Seventy years after the Korean War began, prospects for a peace treaty to officially end the conflict appear as distant as ever, as the two Koreas held low-key commemorations on June 25 amid heightened tension on the peninsula.
The 1950-1953 Korean War ended in an armistice rather than a peace treaty, leaving U.S.-led U.N. forces technically still at war with North Korea.
South Korean leaders in 1953 opposed the idea of a truce that left the peninsula divided and were not signatories to the armistice.
South Korean veterans of the war were due gather to commemorate the anniversary, including at one event where U.S. President Donald Trump and other international leaders were expected to deliver video messages.
North Korea’s ruling party newspaper ran a front-page commentary calling for people to follow in the footsteps of those who fought to defend the nation.

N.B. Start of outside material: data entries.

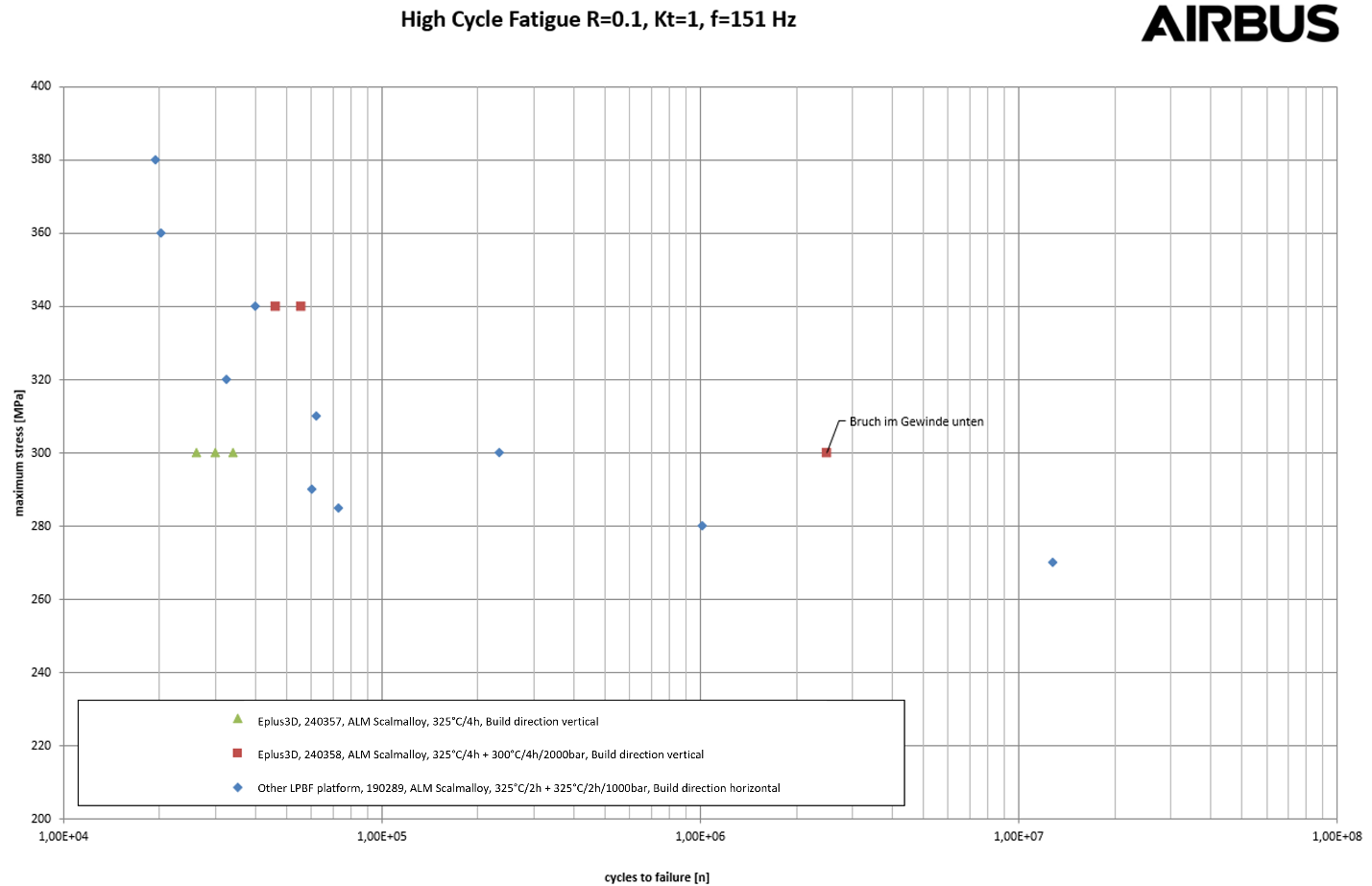 eplus3d-collaborates-with-airbus-central-research-technology-for-scalmalloy-optimization-in-mpbf_02.png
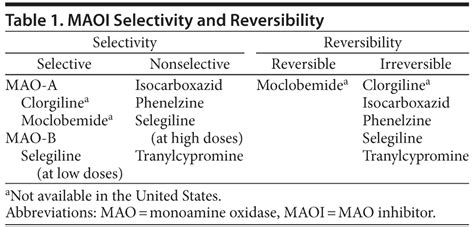 The Use Of Monoamine Oxidase Inhibitors In Primary Care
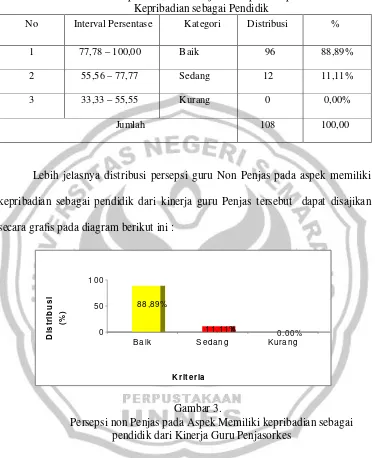 Gambar 3. Persepsi non Penjas pada Aspek Memiliki kepribadian sebagai 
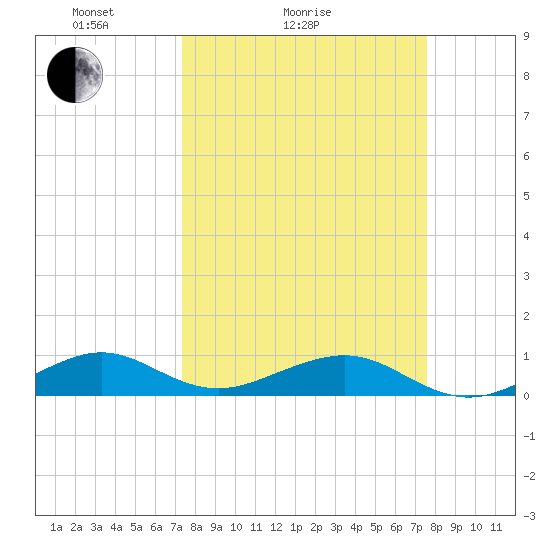 Windley Key tide chart for Wednesday, March 25, 2026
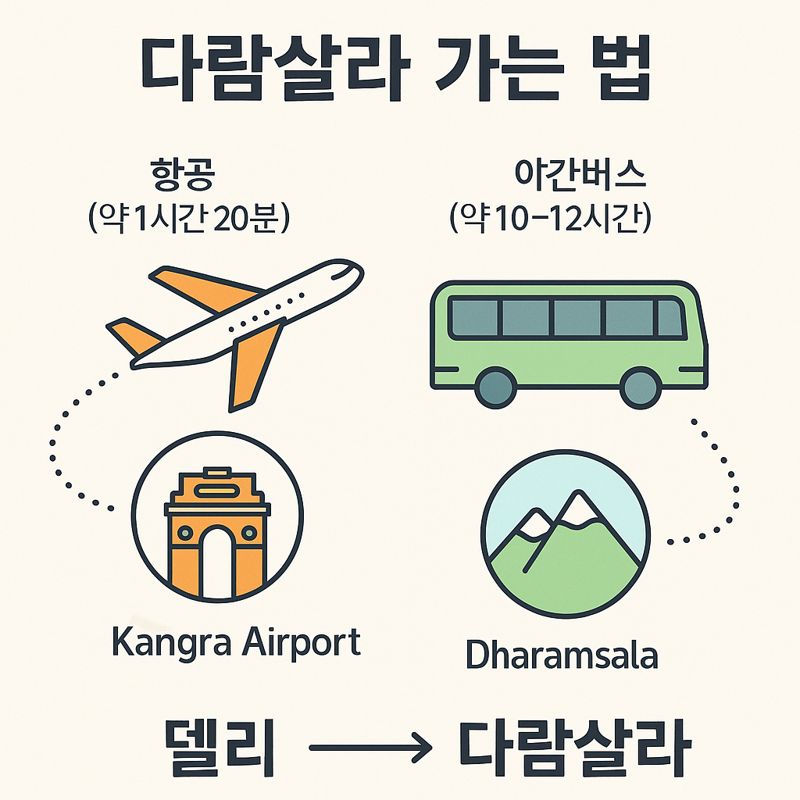 다람살라 가는 법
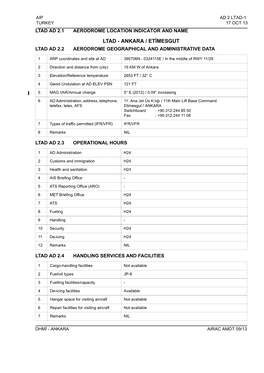 Ltad-1 Turkey 17 Oct 13 Ltad Ad 2.1 Aerodrome Location Indicator and Name Ltad - Ankara / Etimesgut Ltad Ad 2.2 Aerodrome Geographical and Administrative Data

“Several decades have passed, but the danger of war has never left this soil,” the newspaper said, blaming “hostile forces” for seeking to crush North Korea.
Two years ago, a flurry of diplomacy and summits between North Korean leader Kim Jong Un and the presidents of the United States, South Korea, and China raised hopes that even if the North’s nuclear arsenal was undiminished, the parties might agree to officially end the technical state of war.
Those hopes have been dashed, however, with North Korea accusing the United States and South Korea of clinging to hostile policies, and Washington pressing Pyongyang to abandon its growing arsenal of nuclear weapons and long-range missiles.
A series of follow-up meetings and working-level talks failed to close the gap between the two old enemies, and North Korea has taken an increasingly confrontational tone, resuming short-range missile launches, blowing up an inter-Korean liaison office and severing communication hotlines with South Korea.
On June 24, North Korea said it had decided to suspend plans for unspecified military action against South Korea but warned it to “think and behave wisely”.
Historians have estimated the war may have caused as many as 1 million military deaths and killed several million civilians. Thousands of families were divided with little contact as the heavily fortified Demilitarized Zone (DMZ) cut the peninsula in two.
“The unresolved state of the Korean War has had devastating consequences for Koreans, from the separation of thousands of families to the extreme militarization of the Korean Peninsula,” said Christine Ahn, international coordinator for WomenCrossDMZ, a group that advocates for peace in Korea.
Despite misgivings from many in the United States, South Korean officials are pushing more forcefully for an end to the armistice arrangement, saying that it appreciates the role of the United Nations Command, South Korea’s alliance with the United States should evolve with the times.
“It is time for Korea to take center stage in maintaining its own peace and security, by ending the current state of armistice and establishing a permanent peace regime on the Korean peninsula,” South Korea’s Vice Foreign Minister Cho Sei-young said on June 24.